Tuesday, January 18, 2011

This right here was the scene of the crime this weekend

Tonight’s episode: The Knight of the Pail Bare, Torn Slatterns and Nugget Ranchers

Martha Stewart needed nine stitches after one of her dog’s head hit her in the lip. It is the dog equivalent of putting a bomb in a briefcase next to Hitler.

A study says ESP is real. See, I knew they would say that.

A study shows children who were spanked a lot grow up to have shorter attention spans including attention deficit dis, oh my word, look at that, that guy has a blue shirt.

The feel good story about Ted Williams, the homeless man with the golden voice, is unraveling faster than a Paris Hilton hair weave. First Williams was detained by police, now he is entering rehab. All that is left for the celebrity grand slam is to release a fragrance and nail a Kardashian.

The worst part of the Boston snowstorm? Listening to weatherman trying to come up with clever nicknames like snowmageddon. Here’s my suggestion, you want to give a nickname to something that is three feet high and really annoying? How about a Snow-Snooki?

A South Carolina man had a run-in with the police because he had a snowman complete with pink-dyed male genitals so he had to remove it or get arrested. It’s illegal to have male genitals on a snowman, it’s listed in the penal code.

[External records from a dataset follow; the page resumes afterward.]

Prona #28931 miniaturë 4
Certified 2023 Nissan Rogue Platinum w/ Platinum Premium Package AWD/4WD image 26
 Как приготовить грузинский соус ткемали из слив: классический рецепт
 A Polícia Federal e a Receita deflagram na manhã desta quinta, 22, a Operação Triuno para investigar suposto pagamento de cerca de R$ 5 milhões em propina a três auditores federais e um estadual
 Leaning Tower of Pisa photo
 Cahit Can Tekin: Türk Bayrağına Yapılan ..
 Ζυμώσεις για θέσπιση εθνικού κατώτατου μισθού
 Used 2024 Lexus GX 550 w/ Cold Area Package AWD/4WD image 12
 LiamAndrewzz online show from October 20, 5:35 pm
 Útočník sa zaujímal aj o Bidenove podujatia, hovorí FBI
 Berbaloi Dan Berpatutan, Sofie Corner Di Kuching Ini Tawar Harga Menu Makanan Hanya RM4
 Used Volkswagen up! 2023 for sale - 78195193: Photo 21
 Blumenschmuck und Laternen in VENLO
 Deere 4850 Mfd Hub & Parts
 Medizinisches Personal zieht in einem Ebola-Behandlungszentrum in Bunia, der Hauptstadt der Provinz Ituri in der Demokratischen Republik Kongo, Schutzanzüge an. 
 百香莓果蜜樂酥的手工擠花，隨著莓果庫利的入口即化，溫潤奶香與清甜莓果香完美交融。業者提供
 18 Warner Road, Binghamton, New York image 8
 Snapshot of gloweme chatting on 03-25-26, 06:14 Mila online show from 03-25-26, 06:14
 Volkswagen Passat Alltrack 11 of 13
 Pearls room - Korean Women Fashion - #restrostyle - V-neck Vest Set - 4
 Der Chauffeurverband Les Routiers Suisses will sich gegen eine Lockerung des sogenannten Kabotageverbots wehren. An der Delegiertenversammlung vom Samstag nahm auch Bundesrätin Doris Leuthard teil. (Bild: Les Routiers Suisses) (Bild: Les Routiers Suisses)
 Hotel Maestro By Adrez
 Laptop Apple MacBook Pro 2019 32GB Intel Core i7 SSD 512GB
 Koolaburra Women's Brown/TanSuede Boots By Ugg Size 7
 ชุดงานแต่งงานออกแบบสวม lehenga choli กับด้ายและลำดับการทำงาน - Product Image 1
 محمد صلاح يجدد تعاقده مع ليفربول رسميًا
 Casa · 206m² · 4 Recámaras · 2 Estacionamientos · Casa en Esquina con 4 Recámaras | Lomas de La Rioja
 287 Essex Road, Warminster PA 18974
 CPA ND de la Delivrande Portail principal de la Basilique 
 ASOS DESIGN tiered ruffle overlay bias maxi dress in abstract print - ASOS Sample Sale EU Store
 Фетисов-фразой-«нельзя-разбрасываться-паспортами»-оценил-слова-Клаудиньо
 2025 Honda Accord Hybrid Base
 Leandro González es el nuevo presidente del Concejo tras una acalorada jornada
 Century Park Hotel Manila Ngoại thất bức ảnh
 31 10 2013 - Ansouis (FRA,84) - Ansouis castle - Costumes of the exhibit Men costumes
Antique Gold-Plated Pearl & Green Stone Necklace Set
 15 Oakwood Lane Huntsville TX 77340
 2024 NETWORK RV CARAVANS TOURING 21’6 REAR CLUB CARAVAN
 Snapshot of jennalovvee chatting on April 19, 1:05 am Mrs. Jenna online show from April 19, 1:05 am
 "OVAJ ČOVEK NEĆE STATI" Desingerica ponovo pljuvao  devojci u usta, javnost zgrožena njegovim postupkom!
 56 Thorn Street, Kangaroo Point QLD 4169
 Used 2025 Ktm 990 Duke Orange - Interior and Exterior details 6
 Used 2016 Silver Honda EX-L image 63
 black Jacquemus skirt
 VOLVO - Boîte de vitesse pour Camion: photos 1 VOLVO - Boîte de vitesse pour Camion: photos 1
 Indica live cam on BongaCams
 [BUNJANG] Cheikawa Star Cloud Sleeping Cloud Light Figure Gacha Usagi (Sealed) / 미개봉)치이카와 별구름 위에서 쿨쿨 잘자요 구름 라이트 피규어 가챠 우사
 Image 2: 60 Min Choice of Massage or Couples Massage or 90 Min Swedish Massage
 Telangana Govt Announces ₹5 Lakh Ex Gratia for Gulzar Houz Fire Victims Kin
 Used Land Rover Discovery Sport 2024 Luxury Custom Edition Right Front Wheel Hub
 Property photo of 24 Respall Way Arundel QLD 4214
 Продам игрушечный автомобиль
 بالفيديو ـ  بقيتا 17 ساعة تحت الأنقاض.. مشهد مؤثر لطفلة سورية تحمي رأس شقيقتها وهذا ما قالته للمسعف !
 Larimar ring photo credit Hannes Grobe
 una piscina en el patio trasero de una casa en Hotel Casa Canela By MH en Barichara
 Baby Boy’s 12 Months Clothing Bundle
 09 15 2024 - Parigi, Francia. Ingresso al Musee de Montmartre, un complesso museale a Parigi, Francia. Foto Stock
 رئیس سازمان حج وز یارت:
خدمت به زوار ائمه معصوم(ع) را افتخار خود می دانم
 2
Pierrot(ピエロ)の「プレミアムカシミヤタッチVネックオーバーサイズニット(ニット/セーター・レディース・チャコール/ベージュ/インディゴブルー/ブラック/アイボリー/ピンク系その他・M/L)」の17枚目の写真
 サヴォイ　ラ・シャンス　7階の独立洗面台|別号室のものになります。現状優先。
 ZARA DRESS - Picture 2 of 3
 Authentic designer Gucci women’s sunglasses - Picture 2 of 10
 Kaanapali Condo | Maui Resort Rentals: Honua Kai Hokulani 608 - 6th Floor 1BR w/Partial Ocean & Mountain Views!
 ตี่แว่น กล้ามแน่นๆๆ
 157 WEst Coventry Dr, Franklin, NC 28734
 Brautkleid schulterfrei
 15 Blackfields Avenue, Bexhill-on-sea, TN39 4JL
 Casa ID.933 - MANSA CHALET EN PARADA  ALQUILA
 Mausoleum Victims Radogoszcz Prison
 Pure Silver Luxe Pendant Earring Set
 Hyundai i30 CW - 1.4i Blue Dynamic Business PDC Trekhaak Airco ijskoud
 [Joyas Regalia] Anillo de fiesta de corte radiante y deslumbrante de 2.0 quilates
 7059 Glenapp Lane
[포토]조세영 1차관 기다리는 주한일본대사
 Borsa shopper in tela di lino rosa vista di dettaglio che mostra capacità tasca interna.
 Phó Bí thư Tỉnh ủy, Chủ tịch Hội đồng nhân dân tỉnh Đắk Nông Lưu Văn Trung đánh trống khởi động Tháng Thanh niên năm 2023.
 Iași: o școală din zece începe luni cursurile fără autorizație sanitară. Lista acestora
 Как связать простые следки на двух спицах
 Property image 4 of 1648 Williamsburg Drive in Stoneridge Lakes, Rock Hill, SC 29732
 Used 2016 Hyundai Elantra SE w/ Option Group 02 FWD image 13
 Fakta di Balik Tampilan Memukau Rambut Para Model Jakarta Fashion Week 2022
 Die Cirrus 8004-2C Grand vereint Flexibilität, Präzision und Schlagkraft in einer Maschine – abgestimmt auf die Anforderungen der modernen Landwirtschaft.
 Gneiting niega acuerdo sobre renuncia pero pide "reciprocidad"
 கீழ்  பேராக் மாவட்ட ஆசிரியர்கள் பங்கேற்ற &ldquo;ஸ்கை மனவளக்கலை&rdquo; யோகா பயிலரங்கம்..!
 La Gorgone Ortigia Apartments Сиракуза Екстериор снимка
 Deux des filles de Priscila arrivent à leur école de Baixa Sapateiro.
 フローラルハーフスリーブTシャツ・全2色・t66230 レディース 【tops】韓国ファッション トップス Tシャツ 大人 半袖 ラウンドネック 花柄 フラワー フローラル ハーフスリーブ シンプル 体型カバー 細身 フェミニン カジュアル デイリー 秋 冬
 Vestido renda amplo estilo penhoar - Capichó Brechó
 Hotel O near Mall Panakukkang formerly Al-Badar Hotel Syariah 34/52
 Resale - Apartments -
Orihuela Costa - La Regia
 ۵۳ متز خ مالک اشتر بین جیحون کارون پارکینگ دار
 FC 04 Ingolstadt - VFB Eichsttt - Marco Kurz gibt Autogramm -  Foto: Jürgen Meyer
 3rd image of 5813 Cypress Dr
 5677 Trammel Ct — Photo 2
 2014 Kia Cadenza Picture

Sarah Palin said she regrets if she offended people with her blood libel comment, but she isn’t ready to fully refudiate the statement.

A study says ESP is real. I believe it, last week I predicted Sarah Palin would say something controversial in the future.

The first Gay History museum has opened in San Francisco. They even have a gay carnival ride with a sign that says “You must be at least this fierce to enjoy this ride.”

There is a new scale available that will update your weight results on twitter. It’s called: The Scale Nobody Will Buy.

The Green Bay Packers are led by linebacker, Clay Matthews III, his dad, Clay Jr., was All Pro, his uncle, Bruce, is in the Hall of Fame and his younger brother, Casey, at Oregon, may be the best of them all. In a related story, the Carolina Panthers just legally changed all of their player’s names to Matthews.

The NOAA reports 2010 tied for the warmest year ever. To which the people of the Northeast said; “Bite me, NOAA.”

Since you asked:
Great time in Las Vegas. Saturday, worked out, got an old school haircut - hot face towel, straight edge razor shave - worked out, watched Ravens-Steelers, daughter’s team kicked butt in soccer tournament, steak sandwich and then won $200 bucks at the black jack table.

In the words of the legendary Max Von Stockenstiem: That did not suck.

Sunday kind of more of the same except lost $100 on those dog-ass Jets and the girls had a lousy game.